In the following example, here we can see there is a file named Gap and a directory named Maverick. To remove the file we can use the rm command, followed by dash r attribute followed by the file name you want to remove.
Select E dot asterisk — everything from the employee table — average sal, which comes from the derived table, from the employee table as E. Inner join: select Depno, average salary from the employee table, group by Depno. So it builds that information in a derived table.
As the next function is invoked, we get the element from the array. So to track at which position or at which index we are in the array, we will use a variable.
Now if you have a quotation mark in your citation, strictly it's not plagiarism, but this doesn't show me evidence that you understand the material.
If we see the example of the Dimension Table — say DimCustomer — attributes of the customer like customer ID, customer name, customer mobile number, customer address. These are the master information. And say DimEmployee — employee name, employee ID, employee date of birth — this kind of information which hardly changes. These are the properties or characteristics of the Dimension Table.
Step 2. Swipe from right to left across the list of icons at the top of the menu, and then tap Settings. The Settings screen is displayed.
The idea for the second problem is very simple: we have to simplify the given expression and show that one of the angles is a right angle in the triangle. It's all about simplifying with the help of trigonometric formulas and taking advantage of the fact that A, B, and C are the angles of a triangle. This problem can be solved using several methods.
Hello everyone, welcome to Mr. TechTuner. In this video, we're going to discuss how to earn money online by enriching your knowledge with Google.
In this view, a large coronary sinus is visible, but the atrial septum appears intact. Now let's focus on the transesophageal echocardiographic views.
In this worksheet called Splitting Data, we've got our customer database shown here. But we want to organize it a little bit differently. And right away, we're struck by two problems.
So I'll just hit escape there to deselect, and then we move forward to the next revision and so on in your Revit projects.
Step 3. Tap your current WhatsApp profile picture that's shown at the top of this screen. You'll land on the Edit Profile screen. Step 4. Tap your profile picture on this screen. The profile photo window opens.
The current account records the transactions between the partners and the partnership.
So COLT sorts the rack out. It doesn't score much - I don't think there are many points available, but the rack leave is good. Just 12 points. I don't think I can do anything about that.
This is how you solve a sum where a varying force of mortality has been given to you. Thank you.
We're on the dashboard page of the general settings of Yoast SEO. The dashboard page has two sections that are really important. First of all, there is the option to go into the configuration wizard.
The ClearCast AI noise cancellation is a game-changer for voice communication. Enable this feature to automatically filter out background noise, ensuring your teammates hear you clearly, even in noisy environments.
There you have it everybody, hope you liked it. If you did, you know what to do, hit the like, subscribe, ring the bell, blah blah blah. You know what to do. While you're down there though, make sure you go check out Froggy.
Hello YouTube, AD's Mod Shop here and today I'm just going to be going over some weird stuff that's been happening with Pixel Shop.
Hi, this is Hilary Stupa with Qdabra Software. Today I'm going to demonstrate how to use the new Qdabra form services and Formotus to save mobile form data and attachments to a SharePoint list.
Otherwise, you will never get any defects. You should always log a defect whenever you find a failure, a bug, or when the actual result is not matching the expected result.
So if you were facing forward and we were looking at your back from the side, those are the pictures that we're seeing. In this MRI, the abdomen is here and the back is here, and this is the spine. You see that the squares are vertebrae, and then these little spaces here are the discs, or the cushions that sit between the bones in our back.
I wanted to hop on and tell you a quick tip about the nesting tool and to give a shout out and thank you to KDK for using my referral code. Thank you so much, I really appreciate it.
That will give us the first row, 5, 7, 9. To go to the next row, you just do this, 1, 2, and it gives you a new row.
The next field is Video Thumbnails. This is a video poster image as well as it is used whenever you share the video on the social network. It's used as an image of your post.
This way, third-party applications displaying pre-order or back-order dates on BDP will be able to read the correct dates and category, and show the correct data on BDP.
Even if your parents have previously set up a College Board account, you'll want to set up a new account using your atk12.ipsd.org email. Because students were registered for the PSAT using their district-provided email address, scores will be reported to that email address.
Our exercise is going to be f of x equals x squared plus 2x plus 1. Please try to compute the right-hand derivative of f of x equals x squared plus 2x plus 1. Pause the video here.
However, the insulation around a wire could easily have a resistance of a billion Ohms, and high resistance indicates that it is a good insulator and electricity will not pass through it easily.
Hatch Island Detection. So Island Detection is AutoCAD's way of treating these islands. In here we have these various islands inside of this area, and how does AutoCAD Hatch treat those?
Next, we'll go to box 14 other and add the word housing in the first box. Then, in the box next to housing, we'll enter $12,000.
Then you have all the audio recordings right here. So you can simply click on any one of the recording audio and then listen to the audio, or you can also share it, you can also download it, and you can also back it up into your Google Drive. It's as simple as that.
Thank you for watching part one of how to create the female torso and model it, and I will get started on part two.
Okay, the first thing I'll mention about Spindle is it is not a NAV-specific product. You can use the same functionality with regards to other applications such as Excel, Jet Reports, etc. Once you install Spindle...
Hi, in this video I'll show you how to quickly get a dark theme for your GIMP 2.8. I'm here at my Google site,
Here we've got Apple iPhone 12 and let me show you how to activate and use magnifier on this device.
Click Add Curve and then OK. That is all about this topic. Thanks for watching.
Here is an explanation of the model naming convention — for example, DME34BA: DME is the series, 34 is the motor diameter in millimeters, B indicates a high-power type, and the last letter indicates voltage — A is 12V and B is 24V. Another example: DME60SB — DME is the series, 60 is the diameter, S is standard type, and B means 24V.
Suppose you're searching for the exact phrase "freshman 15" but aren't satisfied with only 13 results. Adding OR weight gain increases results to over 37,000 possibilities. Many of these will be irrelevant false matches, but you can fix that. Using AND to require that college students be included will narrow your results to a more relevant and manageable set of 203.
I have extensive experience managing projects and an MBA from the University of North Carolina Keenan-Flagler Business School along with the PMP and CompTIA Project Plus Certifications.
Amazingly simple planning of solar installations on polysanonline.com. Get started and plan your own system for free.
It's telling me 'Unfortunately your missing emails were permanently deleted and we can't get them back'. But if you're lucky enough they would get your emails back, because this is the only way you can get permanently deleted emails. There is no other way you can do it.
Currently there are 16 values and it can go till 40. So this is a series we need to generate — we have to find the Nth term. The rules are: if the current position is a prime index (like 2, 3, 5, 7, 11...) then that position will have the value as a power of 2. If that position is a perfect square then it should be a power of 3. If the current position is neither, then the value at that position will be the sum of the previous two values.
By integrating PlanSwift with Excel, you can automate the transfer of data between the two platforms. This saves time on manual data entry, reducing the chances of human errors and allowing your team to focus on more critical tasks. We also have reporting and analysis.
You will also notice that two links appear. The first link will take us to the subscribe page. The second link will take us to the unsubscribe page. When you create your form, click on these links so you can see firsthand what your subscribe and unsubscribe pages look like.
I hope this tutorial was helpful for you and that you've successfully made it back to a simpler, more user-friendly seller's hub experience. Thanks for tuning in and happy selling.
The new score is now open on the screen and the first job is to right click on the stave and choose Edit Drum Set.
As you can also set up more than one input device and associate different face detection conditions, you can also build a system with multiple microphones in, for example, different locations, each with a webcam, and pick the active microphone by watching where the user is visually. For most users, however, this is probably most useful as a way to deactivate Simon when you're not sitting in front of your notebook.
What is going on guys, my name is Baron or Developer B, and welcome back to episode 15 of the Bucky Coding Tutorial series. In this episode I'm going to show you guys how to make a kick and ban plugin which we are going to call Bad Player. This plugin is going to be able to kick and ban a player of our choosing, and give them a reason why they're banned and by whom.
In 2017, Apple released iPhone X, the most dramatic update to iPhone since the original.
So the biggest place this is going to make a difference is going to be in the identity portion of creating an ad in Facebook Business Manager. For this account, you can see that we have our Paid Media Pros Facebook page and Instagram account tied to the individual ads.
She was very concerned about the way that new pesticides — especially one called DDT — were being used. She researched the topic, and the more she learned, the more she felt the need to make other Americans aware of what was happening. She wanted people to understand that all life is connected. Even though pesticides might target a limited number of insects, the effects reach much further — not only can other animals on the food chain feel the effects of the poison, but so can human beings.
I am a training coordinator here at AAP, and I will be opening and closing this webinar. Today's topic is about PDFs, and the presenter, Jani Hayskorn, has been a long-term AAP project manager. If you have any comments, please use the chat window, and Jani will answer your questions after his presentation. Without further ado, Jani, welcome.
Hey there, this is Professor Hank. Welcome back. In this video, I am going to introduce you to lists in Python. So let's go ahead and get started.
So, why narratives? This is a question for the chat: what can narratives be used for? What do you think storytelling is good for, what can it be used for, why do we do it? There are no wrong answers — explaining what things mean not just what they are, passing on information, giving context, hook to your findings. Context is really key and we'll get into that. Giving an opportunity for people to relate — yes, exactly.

*-*-*

What the task requires:
What you give back must be the stretch above, starting at the line with "There you have" and ending at the line with "Hi, this is", copied exactly.

The answer:
There you have it everybody, hope you liked it. If you did, you know what to do, hit the like, subscribe, ring the bell, blah blah blah. You know what to do. While you're down there though, make sure you go check out Froggy.
Hello YouTube, AD's Mod Shop here and today I'm just going to be going over some weird stuff that's been happening with Pixel Shop.
Hi, this is Hilary Stupa with Qdabra Software. Today I'm going to demonstrate how to use the new Qdabra form services and Formotus to save mobile form data and attachments to a SharePoint list.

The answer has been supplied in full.